(THE RECORDS Opens)
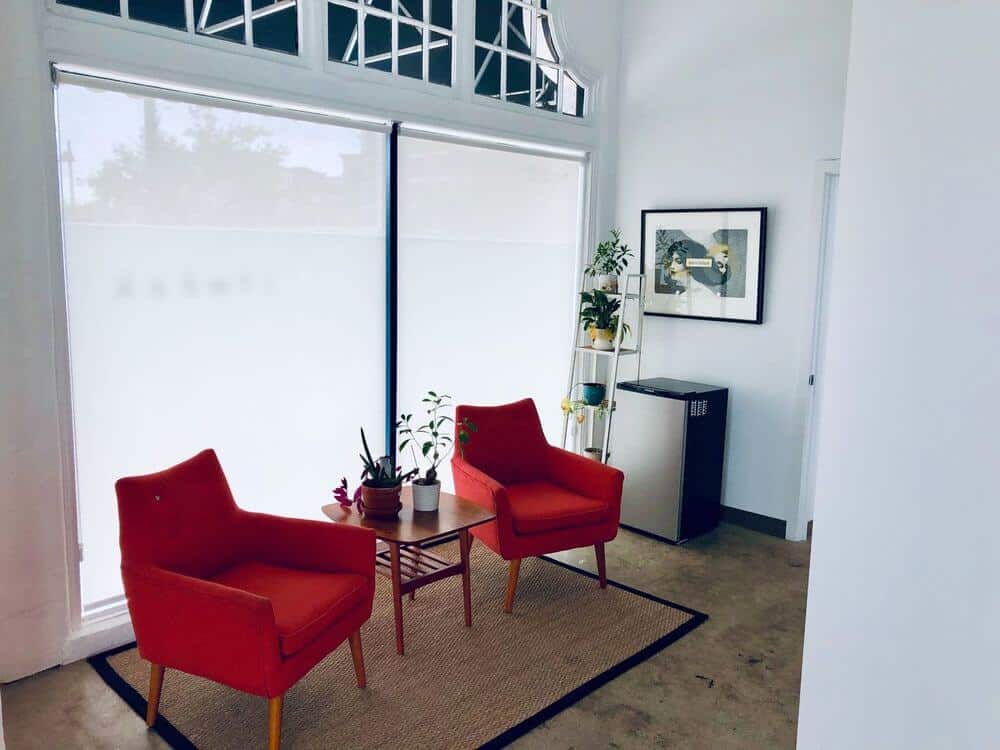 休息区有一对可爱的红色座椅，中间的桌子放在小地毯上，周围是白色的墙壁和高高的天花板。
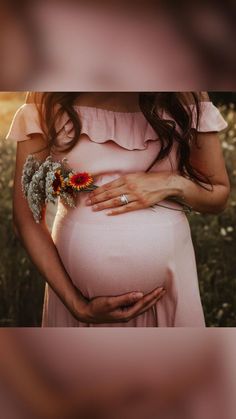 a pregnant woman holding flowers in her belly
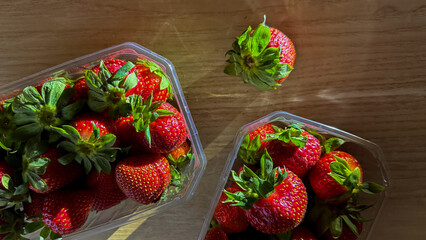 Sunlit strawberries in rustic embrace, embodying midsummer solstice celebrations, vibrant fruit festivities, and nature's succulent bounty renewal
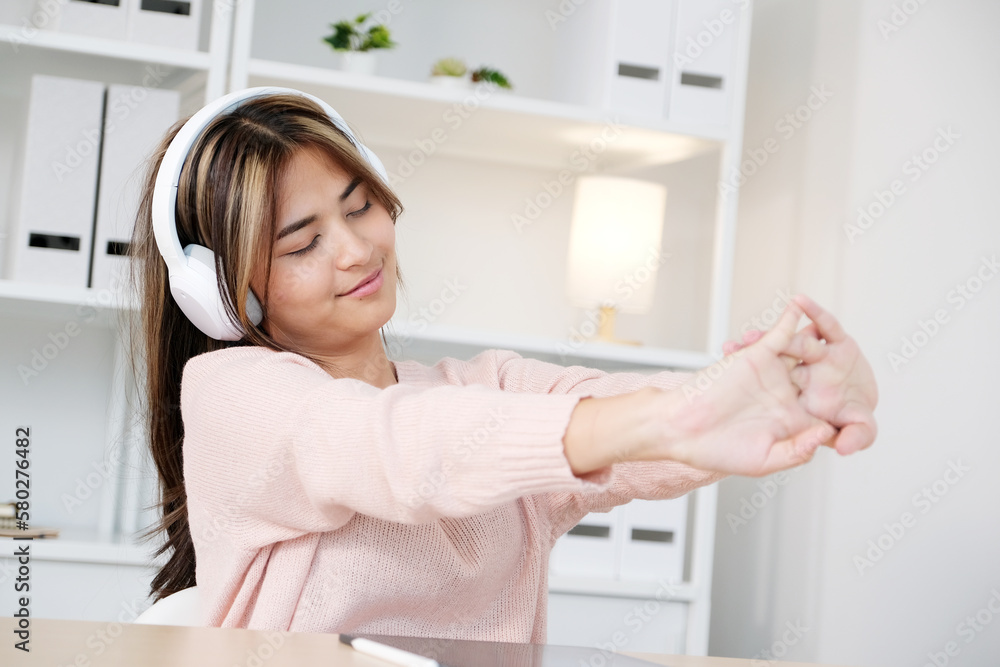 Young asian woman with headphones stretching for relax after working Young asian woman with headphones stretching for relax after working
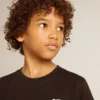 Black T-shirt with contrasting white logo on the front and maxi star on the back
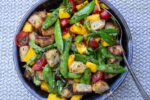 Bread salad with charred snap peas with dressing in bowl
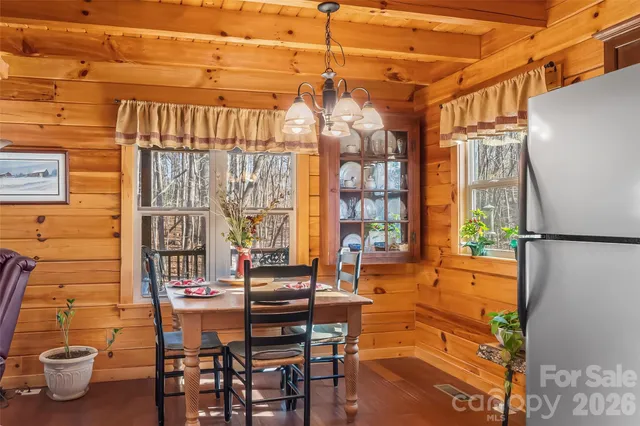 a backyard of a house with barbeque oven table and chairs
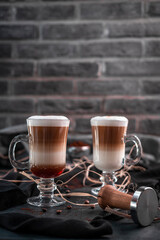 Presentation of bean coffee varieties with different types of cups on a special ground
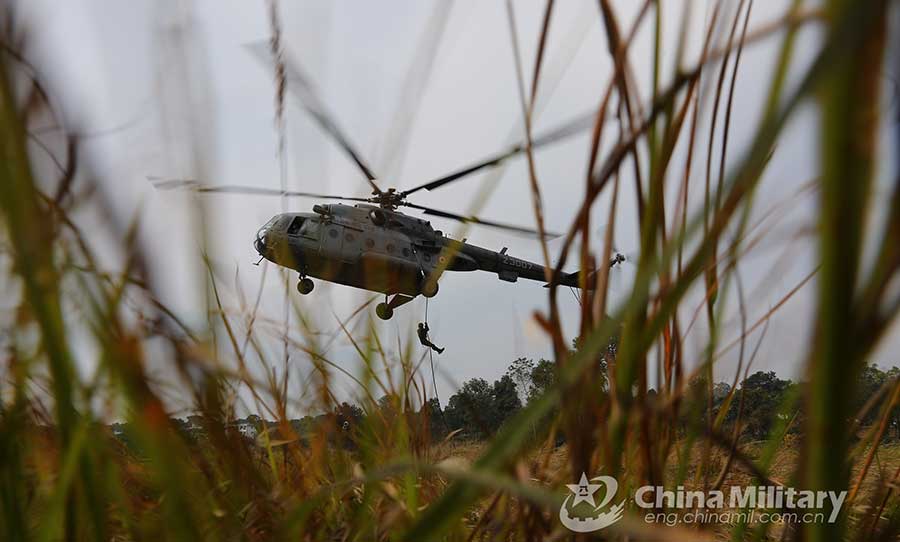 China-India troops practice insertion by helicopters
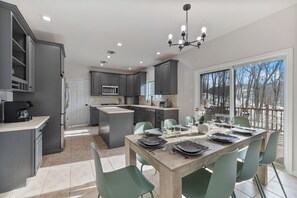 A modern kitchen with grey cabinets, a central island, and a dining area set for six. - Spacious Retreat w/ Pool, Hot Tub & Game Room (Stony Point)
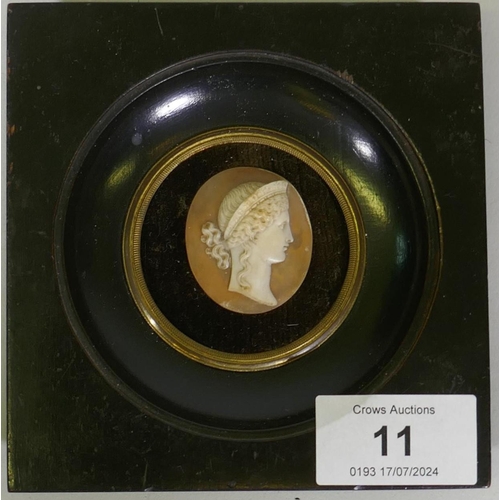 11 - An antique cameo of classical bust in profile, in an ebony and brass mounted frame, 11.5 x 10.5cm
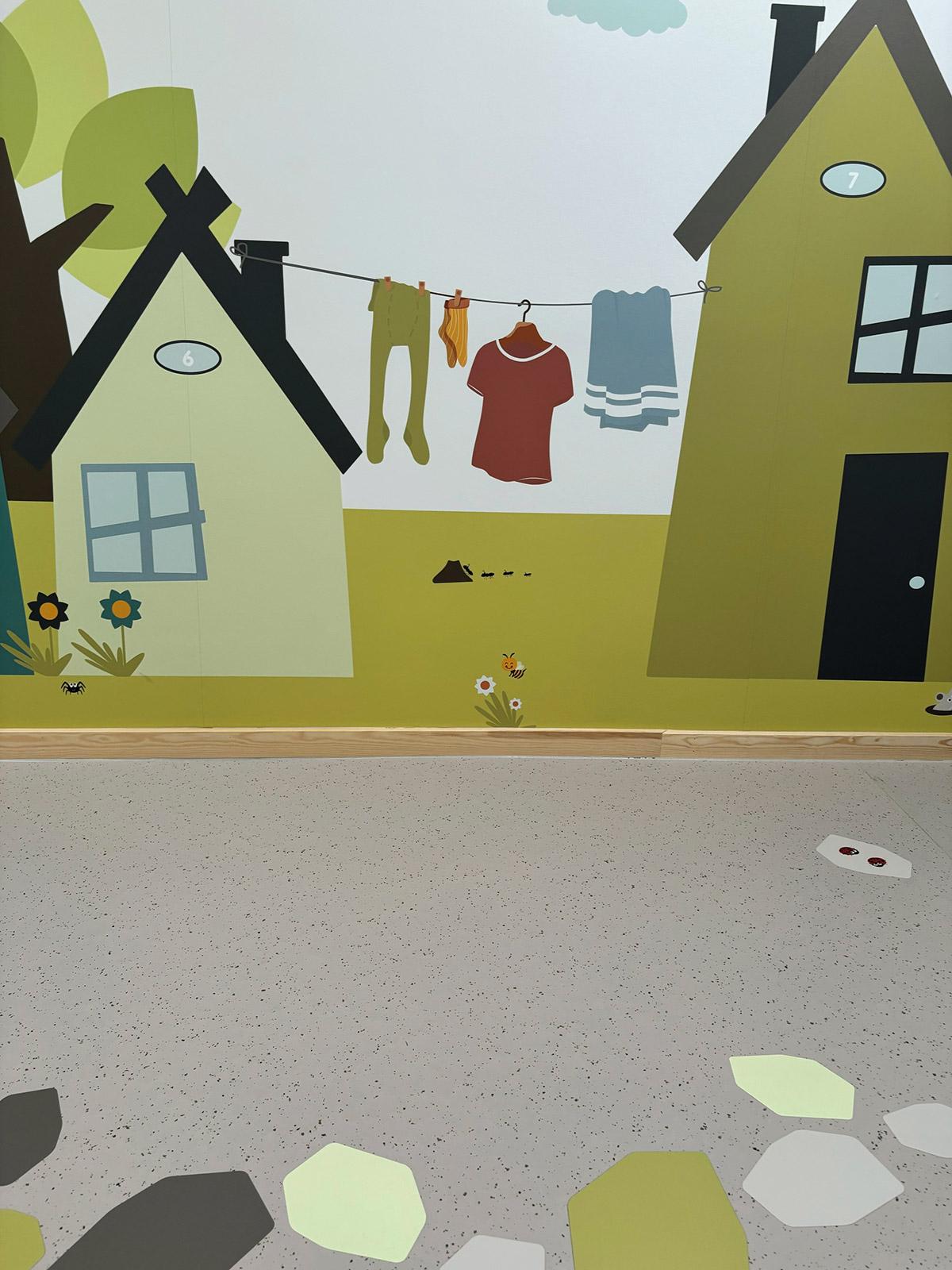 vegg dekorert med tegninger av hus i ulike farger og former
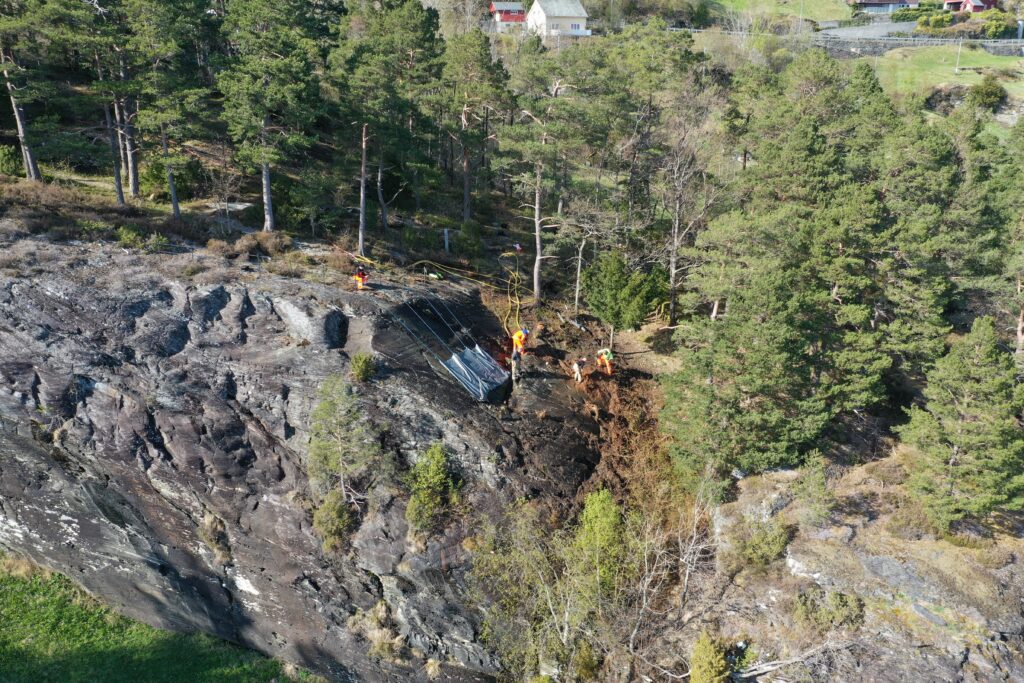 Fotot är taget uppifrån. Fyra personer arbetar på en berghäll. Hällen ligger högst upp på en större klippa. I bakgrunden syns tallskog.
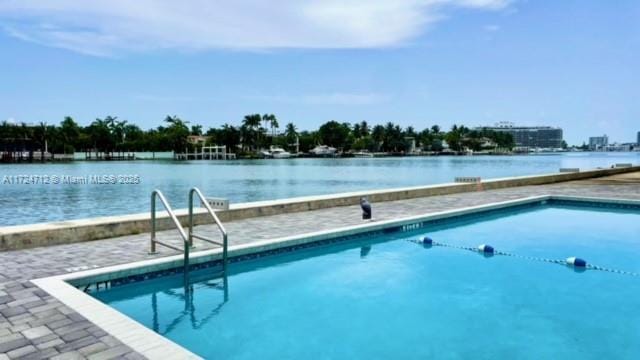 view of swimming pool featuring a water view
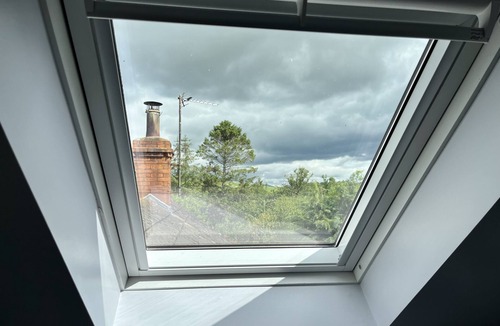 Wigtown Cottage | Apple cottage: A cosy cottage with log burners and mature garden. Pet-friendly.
(THE RECORDS Closes)
#### EXERCISE
All of the entries above must be reproduced exactly, and no image may be included.

#### EXERCISE OUTPUT
 休息区有一对可爱的红色座椅，中间的桌子放在小地毯上，周围是白色的墙壁和高高的天花板。
 a pregnant woman holding flowers in her belly
 Sunlit strawberries in rustic embrace, embodying midsummer solstice celebrations, vibrant fruit festivities, and nature's succulent bounty renewal
 Young asian woman with headphones stretching for relax after working Young asian woman with headphones stretching for relax after working
 Black T-shirt with contrasting white logo on the front and maxi star on the back
 Bread salad with charred snap peas with dressing in bowl
 a backyard of a house with barbeque oven table and chairs
 Presentation of bean coffee varieties with different types of cups on a special ground
 China-India troops practice insertion by helicopters
 A modern kitchen with grey cabinets, a central island, and a dining area set for six. - Spacious Retreat w/ Pool, Hot Tub & Game Room (Stony Point)
 11 - An antique cameo of classical bust in profile, in an ebony and brass mounted frame, 11.5 x 10.5cm
 vegg dekorert med tegninger av hus i ulike farger og former
 Fotot är taget uppifrån. Fyra personer arbetar på en berghäll. Hällen ligger högst upp på en större klippa. I bakgrunden syns tallskog.
 view of swimming pool featuring a water view
 Wigtown Cottage | Apple cottage: A cosy cottage with log burners and mature garden. Pet-friendly.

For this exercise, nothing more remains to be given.